Where does this mindset end? Do I lack due diligence by choosing to accept that the cpu microcode on the system I’m deploying to works correctly?


If it's brand new RiscV CPU that was just relesed 5 min ago, and nobody really tested then yes.

If its standard CPU that everybody else uses, and its not known to be bad then no.

Same for software. Is it ok to have dependency on AWS services ? Their history shows yes. Dependency on brand new SaaS product ? Nothing mission critical.

Or npm/crates/pip packages. Packages that have been around and seedily maintained for few years, have active users, are worth checking out. Some random project from single developer ? Consider vendoring (and owning if necessary ) it.


Why? Intel has Spectre/Meltdown which erased like half of everyone's capacity overnight.


You choose the CPU and you choose what happens in a failure scenario. Part of engineering is making choices that meet the availability requirements of your service. And part of that is handling failures from dependencies.

That doesn't extend to ridiculous lengths but as a rule you should engineer around any single point of failure.

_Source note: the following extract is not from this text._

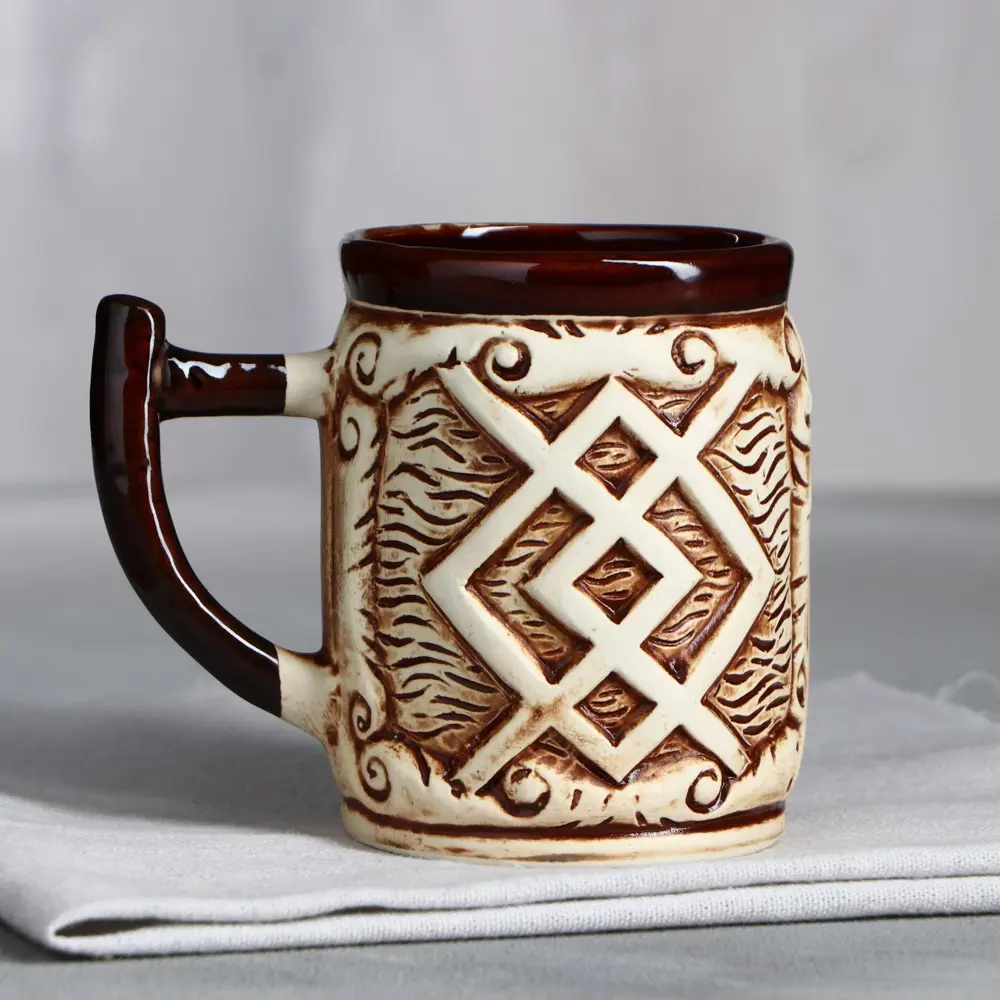 Фото Кружка Керамика ручной работы "Купало" под шамот керамика 0.5 л 5467291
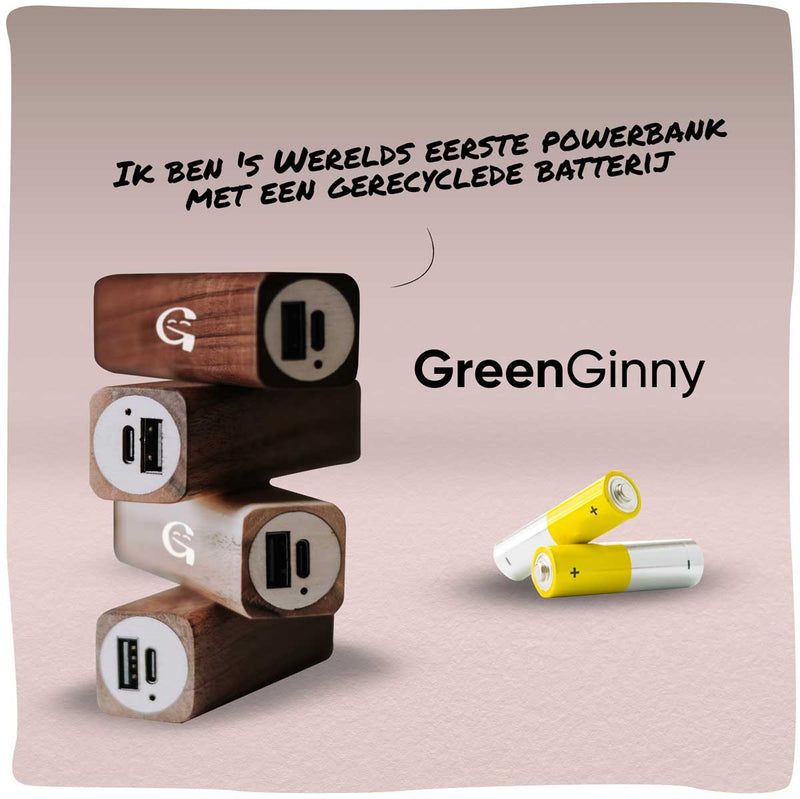 GreenGinny | Duurzame powerbank met gerecyclede batterij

I think this is why we pay for support, with the expectation that if their product inadvertently causes losses for you they will work fast to fix it or cover the losses.

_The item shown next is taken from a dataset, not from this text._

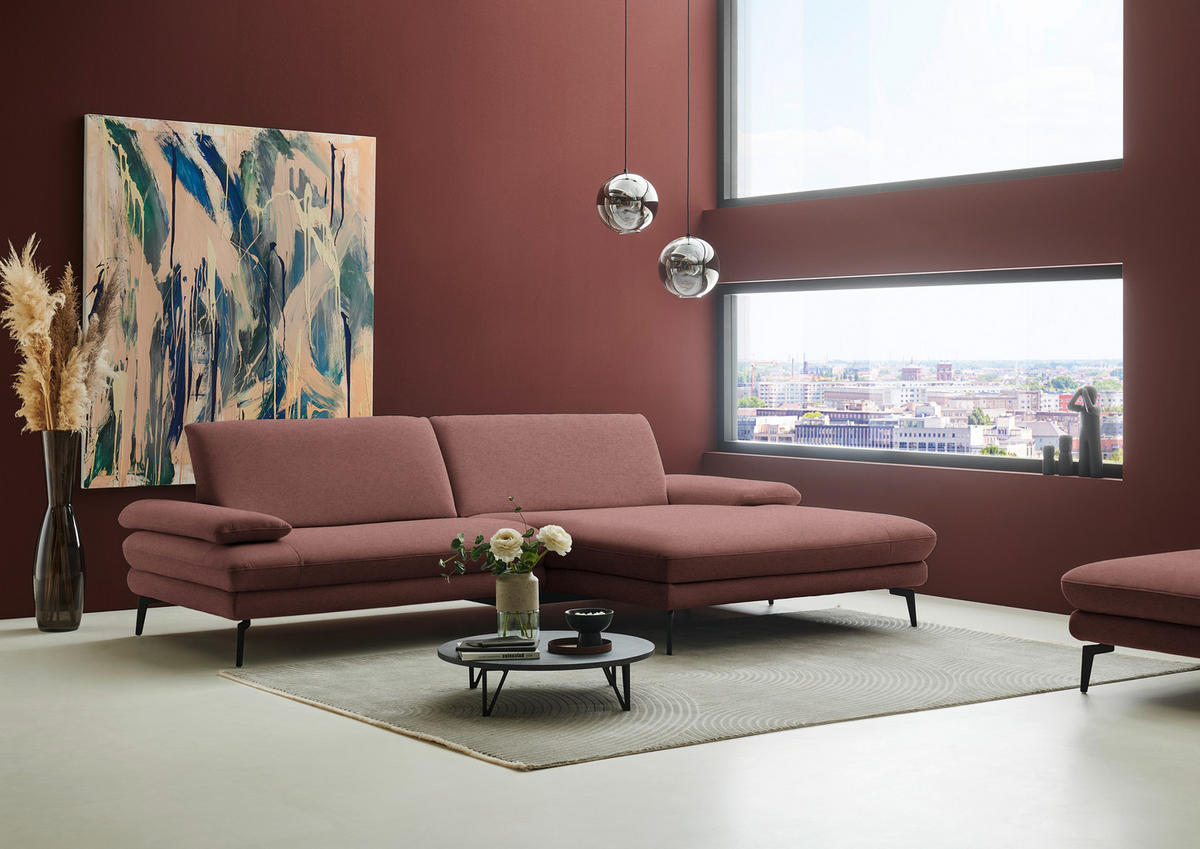 ECKSOFA Chenille, Flachgewebe Weinrot  - Weinrot/Schwarz, Design, Textil/Metall (284/180cm) - Dieter Knoll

Yes? If you are worried about CPU microcode failing, then you do a NASA and have multiple CPU arch's doing calculations in a voting block. These are not unsolved problems.


JPL goes further and buys multiple copies of all hardware and software media used for ground systems, and keeps them in storage "just in case". It's a relatively cheap insurance policy against the decay of progress.


That's a great philosophy.

Ok, let's take an organization, let's call them, say Ammizzun. Totally not Amazon. Let's say you have a very aggressive hire/fire policy which worked really well in rapid scaling and growth of your company. Now you have a million odd customers highly dependent on systems that were built by people that are now one? two? three? four? hire/fire generations up-or-out or cashed-out cycles ago.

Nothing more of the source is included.